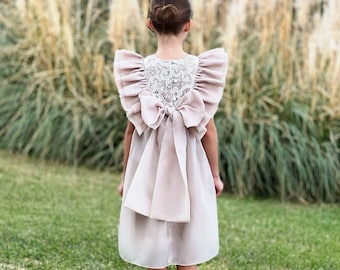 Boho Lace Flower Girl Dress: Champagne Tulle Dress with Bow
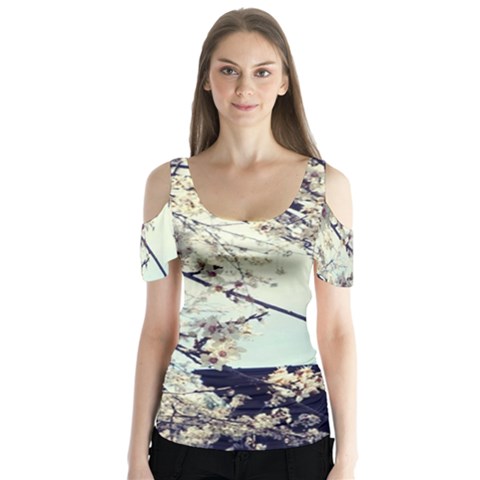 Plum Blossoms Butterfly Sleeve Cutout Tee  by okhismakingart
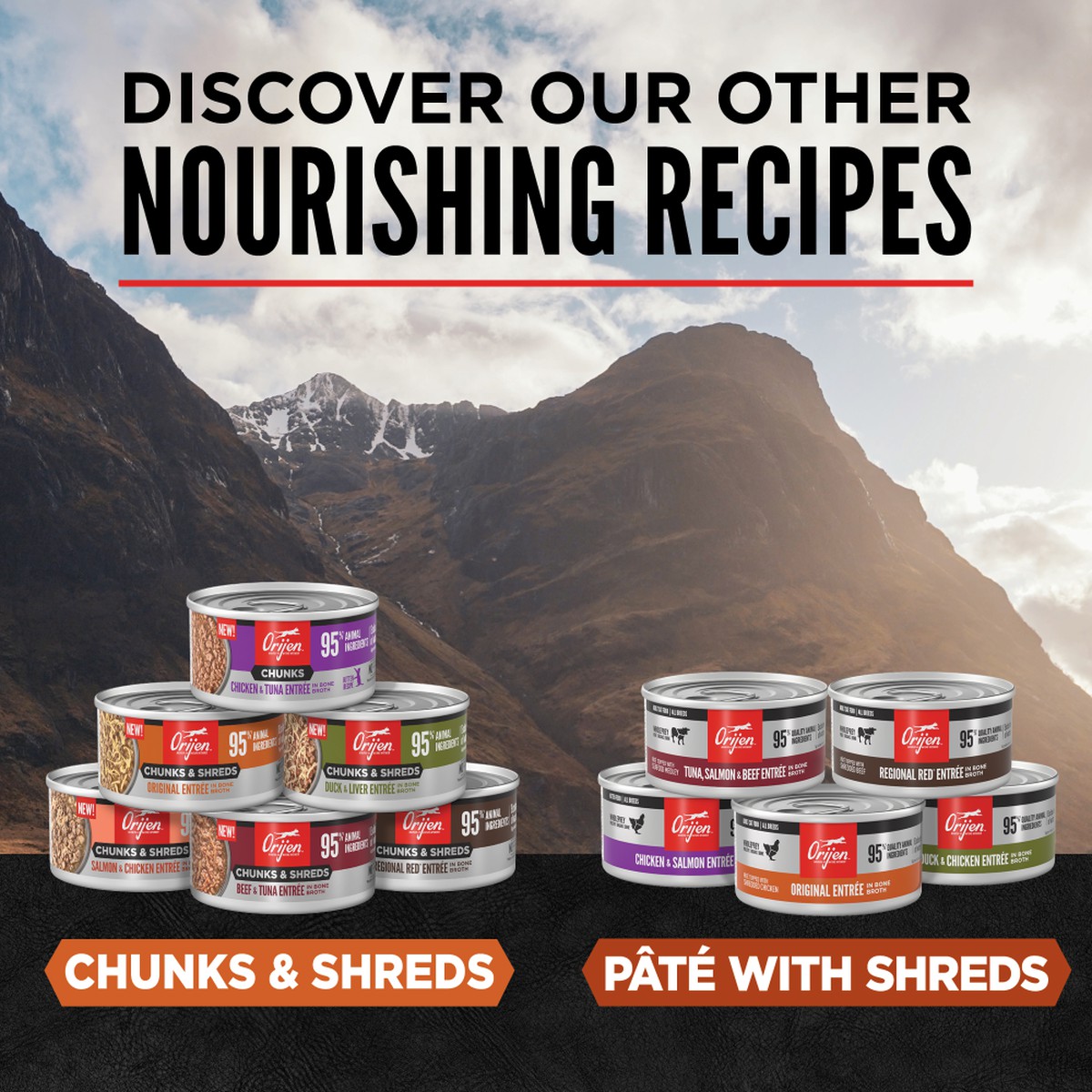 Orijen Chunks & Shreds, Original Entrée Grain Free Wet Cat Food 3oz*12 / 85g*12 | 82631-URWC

════════════════════

-- To do --
Go through the data and return every word of it verbatim, leaving out the pictures.

-- Answer below --
 Boho Lace Flower Girl Dress: Champagne Tulle Dress with Bow
 Plum Blossoms Butterfly Sleeve Cutout Tee  by okhismakingart
 Orijen Chunks & Shreds, Original Entrée Grain Free Wet Cat Food 3oz*12 / 85g*12 | 82631-URWC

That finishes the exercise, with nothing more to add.